## Exercise requirements
Could each entry below be printed again exactly as given?

+---+

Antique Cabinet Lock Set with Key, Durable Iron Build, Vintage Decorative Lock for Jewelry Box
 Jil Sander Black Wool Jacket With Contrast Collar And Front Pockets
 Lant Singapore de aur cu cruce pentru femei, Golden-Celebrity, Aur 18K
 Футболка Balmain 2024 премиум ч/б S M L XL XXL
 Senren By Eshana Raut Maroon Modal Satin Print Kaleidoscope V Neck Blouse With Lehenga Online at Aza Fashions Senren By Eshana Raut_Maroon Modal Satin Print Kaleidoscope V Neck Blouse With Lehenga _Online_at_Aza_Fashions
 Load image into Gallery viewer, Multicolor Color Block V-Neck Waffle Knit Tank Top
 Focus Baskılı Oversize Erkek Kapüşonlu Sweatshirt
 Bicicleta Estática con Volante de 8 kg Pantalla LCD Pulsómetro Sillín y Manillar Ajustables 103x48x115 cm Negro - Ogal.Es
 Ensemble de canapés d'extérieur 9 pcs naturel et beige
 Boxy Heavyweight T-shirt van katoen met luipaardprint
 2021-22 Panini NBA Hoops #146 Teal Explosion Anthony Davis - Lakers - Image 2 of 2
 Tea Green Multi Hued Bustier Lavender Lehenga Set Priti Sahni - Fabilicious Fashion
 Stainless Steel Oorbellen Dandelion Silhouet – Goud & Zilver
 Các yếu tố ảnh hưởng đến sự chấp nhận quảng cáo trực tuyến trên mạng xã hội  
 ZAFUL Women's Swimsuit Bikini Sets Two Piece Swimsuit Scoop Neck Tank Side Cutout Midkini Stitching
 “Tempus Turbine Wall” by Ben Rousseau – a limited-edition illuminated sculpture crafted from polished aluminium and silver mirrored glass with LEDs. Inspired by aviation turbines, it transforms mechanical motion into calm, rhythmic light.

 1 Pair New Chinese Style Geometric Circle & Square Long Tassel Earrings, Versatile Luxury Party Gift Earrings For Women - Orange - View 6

+---+

## Answer section
Antique Cabinet Lock Set with Key, Durable Iron Build, Vintage Decorative Lock for Jewelry Box
 Jil Sander Black Wool Jacket With Contrast Collar And Front Pockets
 Lant Singapore de aur cu cruce pentru femei, Golden-Celebrity, Aur 18K
 Футболка Balmain 2024 премиум ч/б S M L XL XXL
 Senren By Eshana Raut Maroon Modal Satin Print Kaleidoscope V Neck Blouse With Lehenga Online at Aza Fashions Senren By Eshana Raut_Maroon Modal Satin Print Kaleidoscope V Neck Blouse With Lehenga _Online_at_Aza_Fashions
 Load image into Gallery viewer, Multicolor Color Block V-Neck Waffle Knit Tank Top
 Focus Baskılı Oversize Erkek Kapüşonlu Sweatshirt
 Bicicleta Estática con Volante de 8 kg Pantalla LCD Pulsómetro Sillín y Manillar Ajustables 103x48x115 cm Negro - Ogal.Es
 Ensemble de canapés d'extérieur 9 pcs naturel et beige
 Boxy Heavyweight T-shirt van katoen met luipaardprint
 2021-22 Panini NBA Hoops #146 Teal Explosion Anthony Davis - Lakers - Image 2 of 2
 Tea Green Multi Hued Bustier Lavender Lehenga Set Priti Sahni - Fabilicious Fashion
 Stainless Steel Oorbellen Dandelion Silhouet – Goud & Zilver
 Các yếu tố ảnh hưởng đến sự chấp nhận quảng cáo trực tuyến trên mạng xã hội  
 ZAFUL Women's Swimsuit Bikini Sets Two Piece Swimsuit Scoop Neck Tank Side Cutout Midkini Stitching
 “Tempus Turbine Wall” by Ben Rousseau – a limited-edition illuminated sculpture crafted from polished aluminium and silver mirrored glass with LEDs. Inspired by aviation turbines, it transforms mechanical motion into calm, rhythmic light.

 1 Pair New Chinese Style Geometric Circle & Square Long Tassel Earrings, Versatile Luxury Party Gift Earrings For Women - Orange - View 6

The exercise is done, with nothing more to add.